EXTRACTED MATERIAL Block Start

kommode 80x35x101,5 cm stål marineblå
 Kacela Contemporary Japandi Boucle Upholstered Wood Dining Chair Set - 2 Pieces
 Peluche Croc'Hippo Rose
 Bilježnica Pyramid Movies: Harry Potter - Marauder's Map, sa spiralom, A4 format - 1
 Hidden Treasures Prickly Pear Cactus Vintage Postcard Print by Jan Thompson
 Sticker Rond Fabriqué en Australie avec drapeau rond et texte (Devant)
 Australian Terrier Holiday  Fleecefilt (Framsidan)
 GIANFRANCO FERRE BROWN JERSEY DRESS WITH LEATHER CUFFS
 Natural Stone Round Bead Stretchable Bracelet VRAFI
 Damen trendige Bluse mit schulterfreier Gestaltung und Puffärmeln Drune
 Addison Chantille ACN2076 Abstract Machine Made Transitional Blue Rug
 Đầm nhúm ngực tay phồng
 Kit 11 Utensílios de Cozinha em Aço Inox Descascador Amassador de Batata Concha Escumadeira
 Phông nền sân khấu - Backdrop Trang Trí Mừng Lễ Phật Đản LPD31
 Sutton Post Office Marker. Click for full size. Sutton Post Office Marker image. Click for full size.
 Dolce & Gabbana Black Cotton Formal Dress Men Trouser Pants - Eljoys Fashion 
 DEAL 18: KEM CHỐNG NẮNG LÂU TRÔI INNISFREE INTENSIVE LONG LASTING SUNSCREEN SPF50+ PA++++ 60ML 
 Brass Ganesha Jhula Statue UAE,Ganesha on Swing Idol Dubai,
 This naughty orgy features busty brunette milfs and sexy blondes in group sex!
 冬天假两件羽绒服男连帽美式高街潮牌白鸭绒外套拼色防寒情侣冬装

EXTRACTED MATERIAL Block End

Transcribe all the data word for word, as it appears above.

* **EXERCISE OUTPUT**:
kommode 80x35x101,5 cm stål marineblå
 Kacela Contemporary Japandi Boucle Upholstered Wood Dining Chair Set - 2 Pieces
 Peluche Croc'Hippo Rose
 Bilježnica Pyramid Movies: Harry Potter - Marauder's Map, sa spiralom, A4 format - 1
 Hidden Treasures Prickly Pear Cactus Vintage Postcard Print by Jan Thompson
 Sticker Rond Fabriqué en Australie avec drapeau rond et texte (Devant)
 Australian Terrier Holiday  Fleecefilt (Framsidan)
 GIANFRANCO FERRE BROWN JERSEY DRESS WITH LEATHER CUFFS
 Natural Stone Round Bead Stretchable Bracelet VRAFI
 Damen trendige Bluse mit schulterfreier Gestaltung und Puffärmeln Drune
 Addison Chantille ACN2076 Abstract Machine Made Transitional Blue Rug
 Đầm nhúm ngực tay phồng
 Kit 11 Utensílios de Cozinha em Aço Inox Descascador Amassador de Batata Concha Escumadeira
 Phông nền sân khấu - Backdrop Trang Trí Mừng Lễ Phật Đản LPD31
 Sutton Post Office Marker. Click for full size. Sutton Post Office Marker image. Click for full size.
 Dolce & Gabbana Black Cotton Formal Dress Men Trouser Pants - Eljoys Fashion 
 DEAL 18: KEM CHỐNG NẮNG LÂU TRÔI INNISFREE INTENSIVE LONG LASTING SUNSCREEN SPF50+ PA++++ 60ML 
 Brass Ganesha Jhula Statue UAE,Ganesha on Swing Idol Dubai,
 This naughty orgy features busty brunette milfs and sexy blondes in group sex!
 冬天假两件羽绒服男连帽美式高街潮牌白鸭绒外套拼色防寒情侣冬装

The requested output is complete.